Qualche sera fa torno a casa da lavoro, decido di stappare una bottiglia di Aglianico (ad essere precisi un Donnaluna del 2005 viticoltori De Concilis) e cucinare come di consueto una cenetta molto italiana. Fra un sorso e l’altro, con un occhio ai fornelli e l’altro al giornale, mi salta agli occhi la notizia secondo cui proprio dall’Inghilterra sarebbe partita un’iniziativa editoriale davvero interessante. Renata Beltrami, giornalista e insegnante, e Silvia Mazzola, storica dell’arte, italiane a Londra ormai da anni, avrebbero dimostrato che la cucina inglese non soltanto esiste, ma che ci si può addirittura scrivere un libro.
Nel testo d’esordio La lingua nel piatto, ricette per imparare a capire l’inglese e gli inglesi (Mursia Editore Milano – www.mursia.com) le scrittrici di origine milanese hanno deciso di farci conoscere le delizie e le tante sfumature della cucina britannica, mettendo in discussione uno dei tanti archetipi della cultura moderna e sostenendo, a ragion veduta, che in Inghilterra non si mangia male, anzi.
Addirittura The Times si dice soddisfatto e gratificato dal fatto che queste due milanesi abbiano lanciato una campagna “volta-tavolo” cercando di iniziare gli italiani alle gioie della British cooking.
Cerchiamo di capire come nasce l’idea e quali gli obiettivi prefissati da chi scrive. Cito testualmente: “ Questo libro vuole essere uno strumento prezioso e flessibile per il viaggiatore timoroso, l’anglofilo curioso e il gastronomo erudito e non. Per tutti coloro che vogliono provare gusti nuovi e ascoltare storie antiche; per chi ama l’inglese e vuole assaggiarlo nelle sue forme e nei suoi sapori e poi riproporlo agli amici con tanto di citazioni”.
Proprio cosí, un’utile guida che fa della cucina il suo punto cardine, ma che è piú di un ricettario in quanto unisce attraverso i piatti tipici della tradizione, storia e racconti di una realtà millenaria, senza tralasciare utili lezioni di lingua…of course!
Si parte dal breakfast, passando per lunch, afternoon tea e dinner. Un prezioso excursus per capire cosa e come mangiano gli inglesi, quindi il loro approccio alla tavola, etico, culturale e linguistico. Leggendo si scopre che la colazione è un momento molto intimo della giornata e si svolge in assoluto silenzio. “Il massimo che vi verrà chiesto è ‘Caffè dolce o amaro? Una o due uova ”. Si perché per un inglese il mattino non è il momento adatto per farsi due chiacchiere e ostentare la propria personalitá.
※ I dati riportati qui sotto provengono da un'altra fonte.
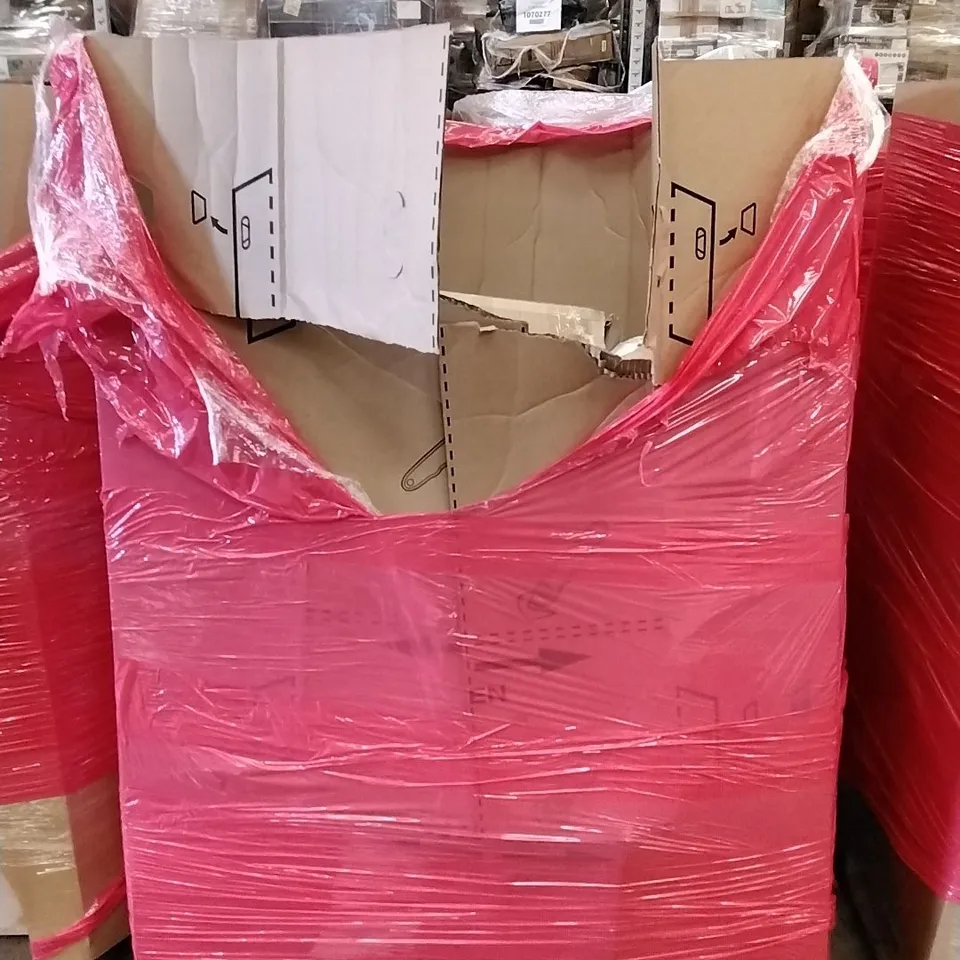 A PALLET OF VARIOUS ITEMS TO INCLUDE. CLOTHES RAIL, OFFICE CHAIR, WATER DISTILLER, 4 TIER LADDER SHAPED PLANT STAND AND PULL UP BAR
D'altronde pure Oscar Wild scriveva “Le persone monotone sono perfette a colazione”.
Si scopre una Gran Bretagna non fatta di soli roast beef e fish and chips, ma di tante piccole specialità custodite avidamente nella tradizione culinaria locale. Per citarne qualcuna potremmo ricordare dolci come tricle tart e sticky toffee pudding o prodotti caseari unici come lo Stilton ed il celebre Cheddar (in tutte le sue varianti e punti di stagionatura) o ancora l’ idromele, prodotto artigianalmente nelle segrete terre del Dorset.
Fra le curiosità, onde evitare spiacevoli sorprese a tavola, le autrici spiegano che il black pudding non è una delizia di cioccolato, ma una salsiccia di sangue di maiale e rognone e che il welsh rabbit non è un coniglio gallese, ma una fonduta di formaggio servita su una fetta di pane caldo. Ci sarebbe tanto da raccontare ed il Maiale Ubriaco ha intenzione di approfondire il discorso con racconti, ricette e viaggi in un paese che ha davvero tanto da svelare. Nel frattempo il testo ci sentiamo di raccomandarlo. La lingua nel piatto, una guida cultural-culinaria per arrivare preparati all’altra parte della Manica.